Lesson 3: Be Open to Discussing Your Ideas
“I think a mistake that people make is being too secretive about their career [ideas] and desires… like sharing might put them out there in a way for somebody to steal,” Aki observes. When, in fact, discussing your ideas might introduce you to the person who can give you what you need to push you in the direction you want.
This is how Aki launched her linen goods. She had reached out to a woman she had worked with, another expat, saying she wanted to discuss her business idea and valued some feedback. The other woman was excited and explained that her husband’s family were linen farmers in Normandy and that they’d surely be open to meeting with Aki. “What are the odds?” remarks Aki. “I went off to her husband’s family’s linen farm and learned everything from soup to nuts about linen and fell in love with it. They gave me contacts for all these different factories and manufacturers in France. I contacted all of them, went and got samples made, went to trade shows… and I found a supplier for my table linens, my tablecloths, and napkins.”

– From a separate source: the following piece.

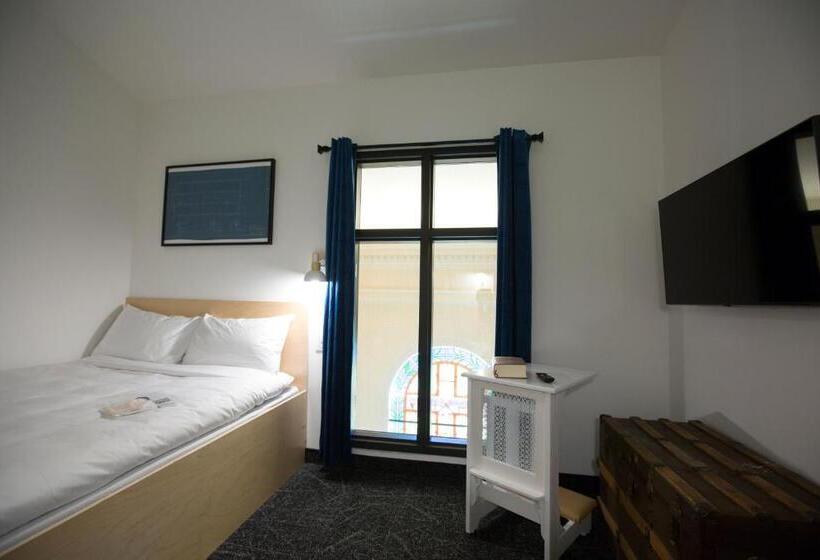 هتل Le Saint Crème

Lesson 4: If You Don’t Know Something… Learn It!
Aki knew her now-defunct blog needed enticing photos but she could not afford a photographer. So she taught herself photography using an SLR camera and online resources, and expanded this talent to Madame de la Maison. And many of the photos in Joie are hers.
Lesson 5: Start Before You Are Ready
After having mastered photography, Aki shot the original images for Madame de la Maison in a chateau that belonged to a friend’s aunt. She constructed her website but was hesitant about the timing of its launch. “I had been waiting and waiting. But then I heard Marie Forleo [entrepreneur and inspirational speaker] say ‘start before you’re ready.’ and I was like, I’m just going to put it up live. I emailed all my friends in November, right before Christmas, that I launched this website.” The actual launch took place in a restaurant Aki frequented, and voila — Madame de la Maison was born.